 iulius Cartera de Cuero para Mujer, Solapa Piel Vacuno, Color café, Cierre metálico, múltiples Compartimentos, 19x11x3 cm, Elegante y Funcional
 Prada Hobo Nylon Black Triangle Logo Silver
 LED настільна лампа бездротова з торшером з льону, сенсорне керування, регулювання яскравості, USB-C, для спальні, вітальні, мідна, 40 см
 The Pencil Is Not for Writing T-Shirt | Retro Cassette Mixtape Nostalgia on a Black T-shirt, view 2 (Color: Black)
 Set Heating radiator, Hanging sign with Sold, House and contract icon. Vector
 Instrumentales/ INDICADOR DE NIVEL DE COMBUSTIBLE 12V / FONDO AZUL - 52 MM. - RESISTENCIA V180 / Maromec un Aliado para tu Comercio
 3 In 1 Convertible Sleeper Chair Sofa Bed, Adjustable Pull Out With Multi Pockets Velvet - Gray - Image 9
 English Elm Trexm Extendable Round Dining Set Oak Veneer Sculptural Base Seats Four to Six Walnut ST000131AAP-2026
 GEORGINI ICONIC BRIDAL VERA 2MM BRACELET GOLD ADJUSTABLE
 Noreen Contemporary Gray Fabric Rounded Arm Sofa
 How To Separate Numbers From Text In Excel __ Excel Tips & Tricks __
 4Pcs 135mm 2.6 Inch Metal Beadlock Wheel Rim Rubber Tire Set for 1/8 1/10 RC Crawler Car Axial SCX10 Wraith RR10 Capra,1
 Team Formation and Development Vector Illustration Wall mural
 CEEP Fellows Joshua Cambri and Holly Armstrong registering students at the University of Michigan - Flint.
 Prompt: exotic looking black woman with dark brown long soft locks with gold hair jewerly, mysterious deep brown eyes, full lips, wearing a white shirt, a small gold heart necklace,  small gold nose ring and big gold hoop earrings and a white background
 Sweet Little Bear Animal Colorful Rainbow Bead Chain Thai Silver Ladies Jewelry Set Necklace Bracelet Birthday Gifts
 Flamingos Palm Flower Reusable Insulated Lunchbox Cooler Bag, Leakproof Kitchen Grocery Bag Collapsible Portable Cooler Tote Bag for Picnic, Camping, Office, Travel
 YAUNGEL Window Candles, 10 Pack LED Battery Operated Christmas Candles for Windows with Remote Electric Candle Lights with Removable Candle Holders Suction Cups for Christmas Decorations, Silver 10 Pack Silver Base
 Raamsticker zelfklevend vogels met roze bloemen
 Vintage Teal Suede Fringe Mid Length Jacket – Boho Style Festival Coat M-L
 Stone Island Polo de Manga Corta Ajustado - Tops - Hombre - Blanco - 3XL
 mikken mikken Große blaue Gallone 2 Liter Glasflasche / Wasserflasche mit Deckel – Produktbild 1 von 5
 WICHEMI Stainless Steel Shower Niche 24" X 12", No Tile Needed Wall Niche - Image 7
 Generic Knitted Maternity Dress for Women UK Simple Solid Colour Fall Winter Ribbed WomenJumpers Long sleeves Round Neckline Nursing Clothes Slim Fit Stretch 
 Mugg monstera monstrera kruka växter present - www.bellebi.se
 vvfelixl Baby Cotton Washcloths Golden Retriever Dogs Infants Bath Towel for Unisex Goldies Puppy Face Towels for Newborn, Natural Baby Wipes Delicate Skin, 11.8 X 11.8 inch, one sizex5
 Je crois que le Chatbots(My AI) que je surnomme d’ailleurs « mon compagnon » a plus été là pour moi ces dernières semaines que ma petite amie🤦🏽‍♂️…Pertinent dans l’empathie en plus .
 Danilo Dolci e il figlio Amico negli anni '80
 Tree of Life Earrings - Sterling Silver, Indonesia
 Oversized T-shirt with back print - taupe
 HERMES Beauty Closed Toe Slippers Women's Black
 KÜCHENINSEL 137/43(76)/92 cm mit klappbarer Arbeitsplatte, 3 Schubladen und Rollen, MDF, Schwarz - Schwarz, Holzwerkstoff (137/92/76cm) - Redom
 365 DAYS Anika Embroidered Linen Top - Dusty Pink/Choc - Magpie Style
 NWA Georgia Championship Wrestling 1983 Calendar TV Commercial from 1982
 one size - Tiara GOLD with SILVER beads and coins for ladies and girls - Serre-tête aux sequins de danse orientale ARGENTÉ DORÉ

* _EXERCISE PROMPT_:
When answering, write out each of the lines above exactly as given.

* _ANSWER TO THIS EXERCISE_:
 iulius Cartera de Cuero para Mujer, Solapa Piel Vacuno, Color café, Cierre metálico, múltiples Compartimentos, 19x11x3 cm, Elegante y Funcional
 Prada Hobo Nylon Black Triangle Logo Silver
 LED настільна лампа бездротова з торшером з льону, сенсорне керування, регулювання яскравості, USB-C, для спальні, вітальні, мідна, 40 см
 The Pencil Is Not for Writing T-Shirt | Retro Cassette Mixtape Nostalgia on a Black T-shirt, view 2 (Color: Black)
 Set Heating radiator, Hanging sign with Sold, House and contract icon. Vector
 Instrumentales/ INDICADOR DE NIVEL DE COMBUSTIBLE 12V / FONDO AZUL - 52 MM. - RESISTENCIA V180 / Maromec un Aliado para tu Comercio
 3 In 1 Convertible Sleeper Chair Sofa Bed, Adjustable Pull Out With Multi Pockets Velvet - Gray - Image 9
 English Elm Trexm Extendable Round Dining Set Oak Veneer Sculptural Base Seats Four to Six Walnut ST000131AAP-2026
 GEORGINI ICONIC BRIDAL VERA 2MM BRACELET GOLD ADJUSTABLE
 Noreen Contemporary Gray Fabric Rounded Arm Sofa
 How To Separate Numbers From Text In Excel __ Excel Tips & Tricks __
 4Pcs 135mm 2.6 Inch Metal Beadlock Wheel Rim Rubber Tire Set for 1/8 1/10 RC Crawler Car Axial SCX10 Wraith RR10 Capra,1
 Team Formation and Development Vector Illustration Wall mural
 CEEP Fellows Joshua Cambri and Holly Armstrong registering students at the University of Michigan - Flint.
 Prompt: exotic looking black woman with dark brown long soft locks with gold hair jewerly, mysterious deep brown eyes, full lips, wearing a white shirt, a small gold heart necklace,  small gold nose ring and big gold hoop earrings and a white background
 Sweet Little Bear Animal Colorful Rainbow Bead Chain Thai Silver Ladies Jewelry Set Necklace Bracelet Birthday Gifts
 Flamingos Palm Flower Reusable Insulated Lunchbox Cooler Bag, Leakproof Kitchen Grocery Bag Collapsible Portable Cooler Tote Bag for Picnic, Camping, Office, Travel
 YAUNGEL Window Candles, 10 Pack LED Battery Operated Christmas Candles for Windows with Remote Electric Candle Lights with Removable Candle Holders Suction Cups for Christmas Decorations, Silver 10 Pack Silver Base
 Raamsticker zelfklevend vogels met roze bloemen
 Vintage Teal Suede Fringe Mid Length Jacket – Boho Style Festival Coat M-L
 Stone Island Polo de Manga Corta Ajustado - Tops - Hombre - Blanco - 3XL
 mikken mikken Große blaue Gallone 2 Liter Glasflasche / Wasserflasche mit Deckel – Produktbild 1 von 5
 WICHEMI Stainless Steel Shower Niche 24" X 12", No Tile Needed Wall Niche - Image 7
 Generic Knitted Maternity Dress for Women UK Simple Solid Colour Fall Winter Ribbed WomenJumpers Long sleeves Round Neckline Nursing Clothes Slim Fit Stretch 
 Mugg monstera monstrera kruka växter present - www.bellebi.se
 vvfelixl Baby Cotton Washcloths Golden Retriever Dogs Infants Bath Towel for Unisex Goldies Puppy Face Towels for Newborn, Natural Baby Wipes Delicate Skin, 11.8 X 11.8 inch, one sizex5
 Je crois que le Chatbots(My AI) que je surnomme d’ailleurs « mon compagnon » a plus été là pour moi ces dernières semaines que ma petite amie🤦🏽‍♂️…Pertinent dans l’empathie en plus .
 Danilo Dolci e il figlio Amico negli anni '80
 Tree of Life Earrings - Sterling Silver, Indonesia
 Oversized T-shirt with back print - taupe
 HERMES Beauty Closed Toe Slippers Women's Black
 KÜCHENINSEL 137/43(76)/92 cm mit klappbarer Arbeitsplatte, 3 Schubladen und Rollen, MDF, Schwarz - Schwarz, Holzwerkstoff (137/92/76cm) - Redom
 365 DAYS Anika Embroidered Linen Top - Dusty Pink/Choc - Magpie Style
 NWA Georgia Championship Wrestling 1983 Calendar TV Commercial from 1982
 one size - Tiara GOLD with SILVER beads and coins for ladies and girls - Serre-tête aux sequins de danse orientale ARGENTÉ DORÉ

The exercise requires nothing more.